Created on 01-21-2015 08:40 AM - edited 09-16-2022 02:19 AM
Hello,
I'm searching for a good tutorial about how to schedule impala jobs into oozie.
The only threads that I found about this subject are:
o https://issues.apache.org/jira/browse/OOZIE-1591
o https://groups.google.com/a/cloudera.org/forum/#!topic/impala-user/8vM7fKR7F3A
Can you please help? (give at least one example)
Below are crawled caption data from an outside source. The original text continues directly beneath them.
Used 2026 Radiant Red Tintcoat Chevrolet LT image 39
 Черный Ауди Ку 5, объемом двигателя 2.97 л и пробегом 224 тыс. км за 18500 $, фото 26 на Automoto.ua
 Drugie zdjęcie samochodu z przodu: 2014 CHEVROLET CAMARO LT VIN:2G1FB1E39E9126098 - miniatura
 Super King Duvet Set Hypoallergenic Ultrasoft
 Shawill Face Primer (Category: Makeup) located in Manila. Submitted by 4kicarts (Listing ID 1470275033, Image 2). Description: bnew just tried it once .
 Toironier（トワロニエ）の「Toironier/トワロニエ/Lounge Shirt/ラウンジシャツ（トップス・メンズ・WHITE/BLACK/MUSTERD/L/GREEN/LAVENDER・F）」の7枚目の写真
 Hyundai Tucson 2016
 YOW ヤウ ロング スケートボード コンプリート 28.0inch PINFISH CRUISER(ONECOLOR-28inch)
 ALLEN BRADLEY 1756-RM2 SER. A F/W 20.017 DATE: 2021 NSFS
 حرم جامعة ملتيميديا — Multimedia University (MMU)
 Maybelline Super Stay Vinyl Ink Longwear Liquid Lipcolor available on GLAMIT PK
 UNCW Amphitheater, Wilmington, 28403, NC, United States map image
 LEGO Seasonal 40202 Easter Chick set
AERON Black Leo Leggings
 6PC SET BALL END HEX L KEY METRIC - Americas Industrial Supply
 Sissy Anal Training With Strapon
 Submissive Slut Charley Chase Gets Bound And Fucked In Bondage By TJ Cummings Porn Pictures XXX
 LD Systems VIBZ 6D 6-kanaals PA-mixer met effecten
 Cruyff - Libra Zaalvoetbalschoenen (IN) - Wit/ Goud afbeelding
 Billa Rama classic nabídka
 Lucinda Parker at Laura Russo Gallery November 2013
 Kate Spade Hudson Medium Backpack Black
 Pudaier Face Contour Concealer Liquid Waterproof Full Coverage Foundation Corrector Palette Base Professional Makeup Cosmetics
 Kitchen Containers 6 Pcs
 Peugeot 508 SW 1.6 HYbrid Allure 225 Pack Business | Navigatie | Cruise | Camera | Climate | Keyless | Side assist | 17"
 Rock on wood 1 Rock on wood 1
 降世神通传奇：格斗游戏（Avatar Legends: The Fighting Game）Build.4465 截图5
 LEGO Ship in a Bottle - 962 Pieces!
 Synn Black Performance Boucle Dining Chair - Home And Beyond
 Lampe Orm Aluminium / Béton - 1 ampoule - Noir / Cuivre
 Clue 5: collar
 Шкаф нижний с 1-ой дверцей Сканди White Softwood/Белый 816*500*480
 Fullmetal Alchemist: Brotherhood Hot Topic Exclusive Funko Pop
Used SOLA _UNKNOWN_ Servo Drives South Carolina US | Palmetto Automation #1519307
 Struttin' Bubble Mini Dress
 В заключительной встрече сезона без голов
Created 01-21-2015 10:55 AM
Hey,
Currently there is not an Impala action, so you must use a shell action that calls impala-shell. The shell script that calls impala-shell must also include an entry to set the PYTHON EGGS location. Here is an example shell script:
#!/bin/bash
export PYTHON_EGG_CACHE=./myeggs
/usr/bin/kinit -kt cconner.keytab -V cconner
impala-shell -q "invalidate metadata"
NOTICE the PYTHON_EGG_CACHE, this is the location you must set or the job will fail. This also does a kinit in the case of a kerberized cluster. Here is the workflow that goes with that script:
<workflow-app name="shell-impala-invalidate-wf" xmlns="uri:oozie:workflow:0.4">
<start to="shell-impala-invalidate"/>
<action name="shell-impala-invalidate">
<shell xmlns="uri:oozie:shell-action:0.1">
<job-tracker>${jobTracker}</job-tracker>
<name-node>${nameNode}</name-node>
<configuration>
<property>
<name>mapred.job.queue.name</name>
<value>${queueName}</value>
</property>
</configuration>
<exec>shell-impala-invalidate.sh</exec>
<file>shell-impala-invalidate.sh#shell-impala-invalidate.sh</file>
<file>cconner.keytab#cconner.keytab</file>
</shell>
<ok to="end"/>
<error to="kill"/>
</action>
<kill name="kill">
<message>Action failed, error message[${wf:errorMessage(wf:lastErrorNode())}]</message>
</kill>
<end name="end"/>
</workflow-app>
You must include the <file> tag with the shell script, but not the keytab part unless you are using kerberos.
Hope this helps.
Thanks
Chris
Created 01-21-2015 10:55 AM
Hey,
Currently there is not an Impala action, so you must use a shell action that calls impala-shell. The shell script that calls impala-shell must also include an entry to set the PYTHON EGGS location. Here is an example shell script:
#!/bin/bash
export PYTHON_EGG_CACHE=./myeggs
/usr/bin/kinit -kt cconner.keytab -V cconner
impala-shell -q "invalidate metadata"
NOTICE the PYTHON_EGG_CACHE, this is the location you must set or the job will fail. This also does a kinit in the case of a kerberized cluster. Here is the workflow that goes with that script:
<workflow-app name="shell-impala-invalidate-wf" xmlns="uri:oozie:workflow:0.4">
<start to="shell-impala-invalidate"/>
<action name="shell-impala-invalidate">
<shell xmlns="uri:oozie:shell-action:0.1">
<job-tracker>${jobTracker}</job-tracker>
<name-node>${nameNode}</name-node>
<configuration>
<property>
<name>mapred.job.queue.name</name>
<value>${queueName}</value>
</property>
</configuration>
<exec>shell-impala-invalidate.sh</exec>
<file>shell-impala-invalidate.sh#shell-impala-invalidate.sh</file>
<file>cconner.keytab#cconner.keytab</file>
</shell>
<ok to="end"/>
<error to="kill"/>
</action>
<kill name="kill">
<message>Action failed, error message[${wf:errorMessage(wf:lastErrorNode())}]</message>
</kill>
<end name="end"/>
</workflow-app>
You must include the <file> tag with the shell script, but not the keytab part unless you are using kerberos.
Hope this helps.
Thanks
Chris
Created 02-11-2015 10:32 PM
Hi cconner
It worked by your example, thanks!
But if I want to execute impala-shell -f *.sql , in Oozie ,there was error mentioned couldn't find the file.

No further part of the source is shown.